Hardy’s education was interrupted by the First World War during which he served in the Northern Cyclist Battalion and later as a camouflage officer. On his return to Oxford in 1919 he opted to change his degree to zoology reflecting his long-standing interest in naturalism. He was awarded the Christopher Welsh scholarship and graduated with distinction in 1921. He then spent some time in Naples researching marine plankton and was appointed Assistant Naturalist at the Ministry of Agriculture and Fisheries laboratory in Lowestoft.

Between 1924 and 1927 Hardy acted as chief zoologist on the Discovery expedition to the Antarctic where he studied zooplankton and their relation to whales as well as other marine mammals. A year after returning he took the post of Professor of Zoology at the University College of Hull. In 1942 he moved to Aberdeen to take the Regius Professorship of Natural History and three years later he became Linacre Professor of Zoology at Oxford. After retiring in 1963 he founded what would become the Alister Hardy Research Centre which aimed to research the phenomenon of religious experience.
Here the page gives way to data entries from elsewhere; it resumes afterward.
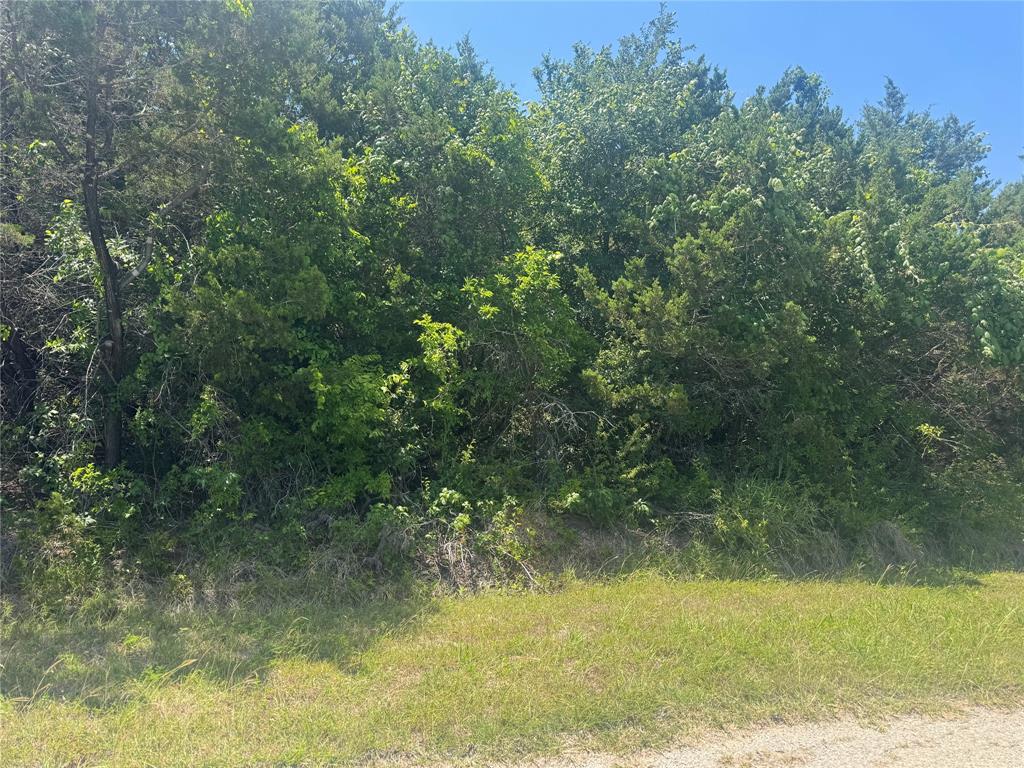 36059 Cedar Ridge Drive Whitney, TX 76692 - Photo 4 of 6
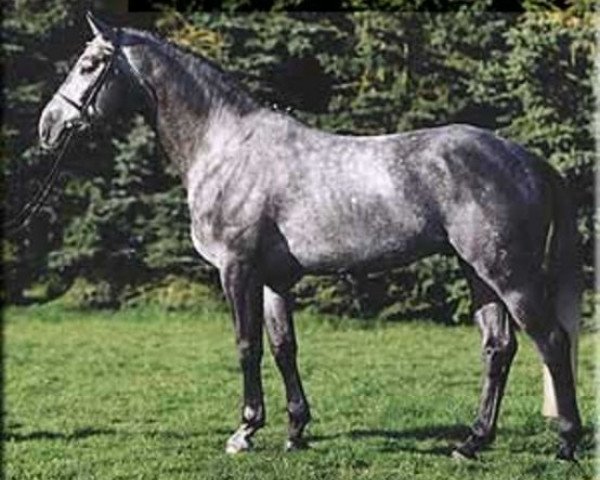 stallion Etrusco (Hanoverian, 1998, from Escudo I)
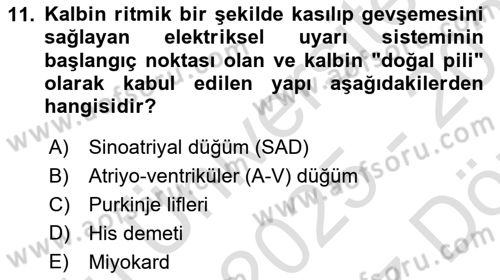 Temel Sağlık Ve Hastalık Bilgisi Dersi 2025 - 2026 Yılı (Vize) Ara Sınav Soruları 11. Soru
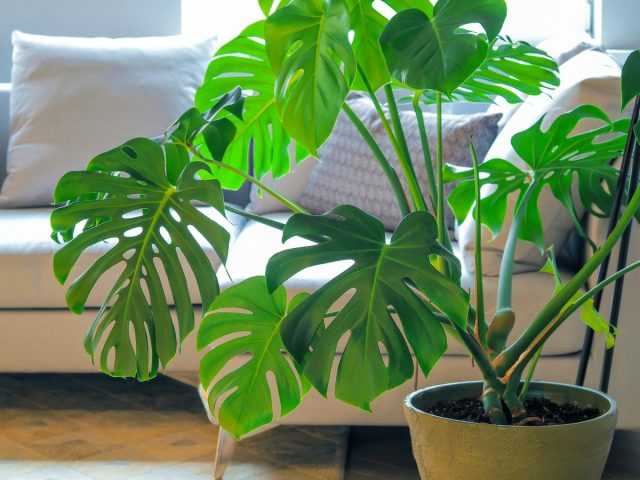 Monstera is a large-leaved giant with an unfairly bad reputation - Grooming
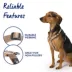Top Paw® Basic Nylon Dog Harness image thumbnail 4
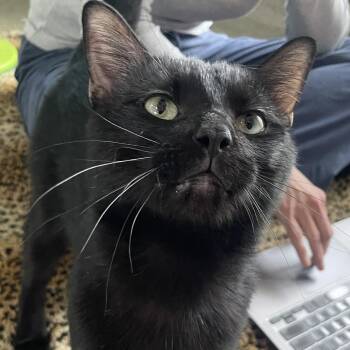Domestic Short Hair Cats Available for Adoption in Chicago, Illinois - Crawley | PetCurious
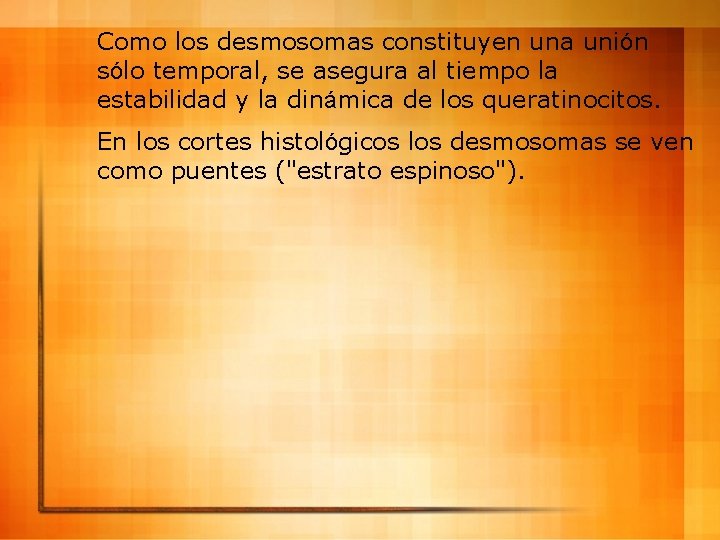 Como los desmosomas constituyen una unión sólo temporal, se asegura al tiempo la estabilidad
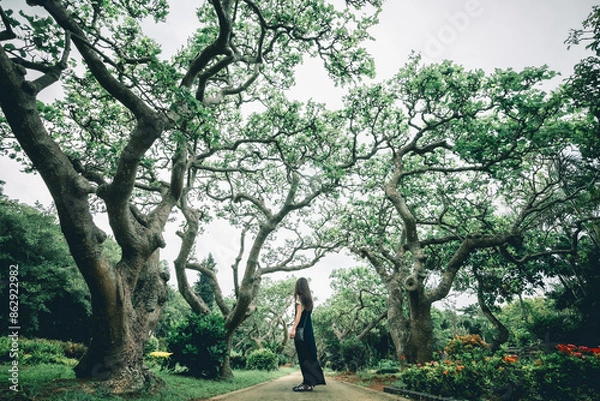 Fototapeta 南の島の公園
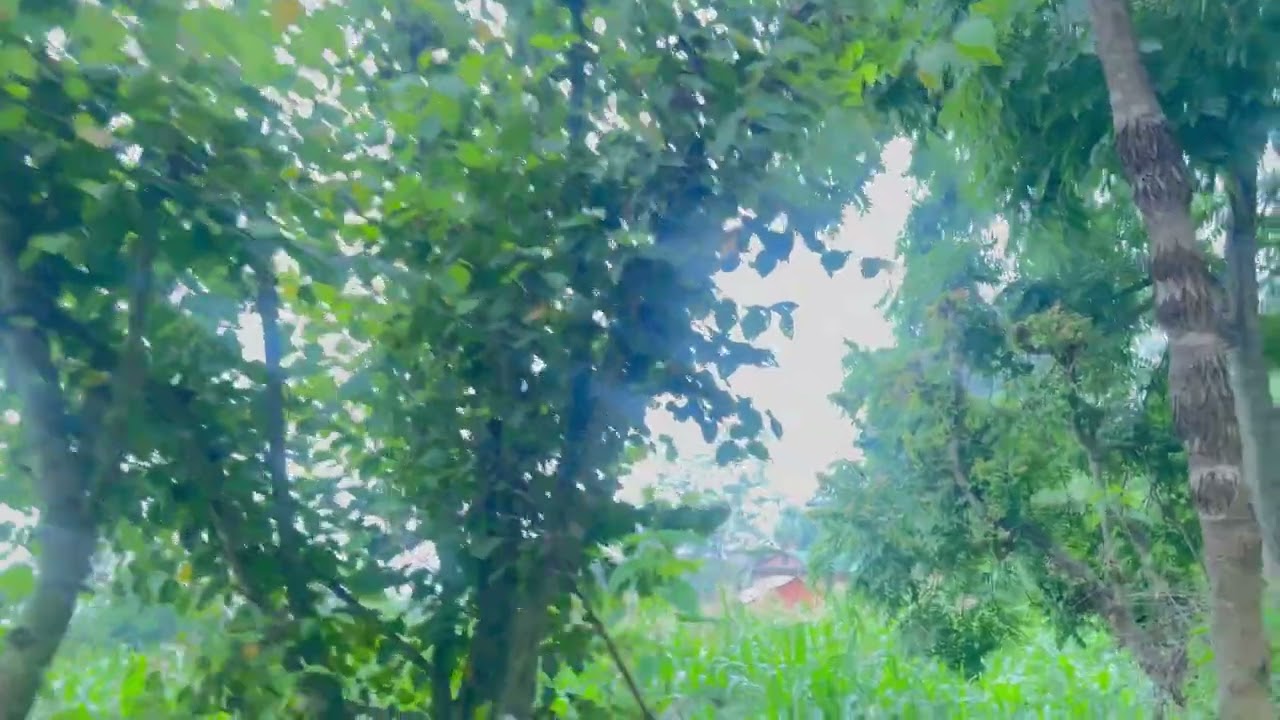 Birds sound of Nepali jungle amezing vibes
The works that stem from his Gifford Lectures, The Divine Flame and The Living Stream, reflect his deep interest in natural theology. Scientific though his worldview was it was deeply integrated with his spiritual and religious impulse. He sought to develop a ‘science of natural theology’ by scientifically compiling and researching people’s religious experiences. The research centre he founded undertook this task and continues to do so today.

His work was given recognition in the form of the Templeton Prize for Progress in Religion to the sum of $185000. This was perhaps the most prestigious of a great many awards and honours given to him over the course of his life.

Hardy died from a stroke in Oxford on 23 May 1985. His wife Sylvia Lucy died the same year.

His works include: Discovery Reports (1928–1935); The Open Sea, the first part of which was The World of Plankton (1956) and the second, Fish and Fisheries (1959); The Living Stream (1965); The Divine Flame (1966); Great Waters (1967); The Biology of God (1975); and Darwin and the Spirit of Man (1984).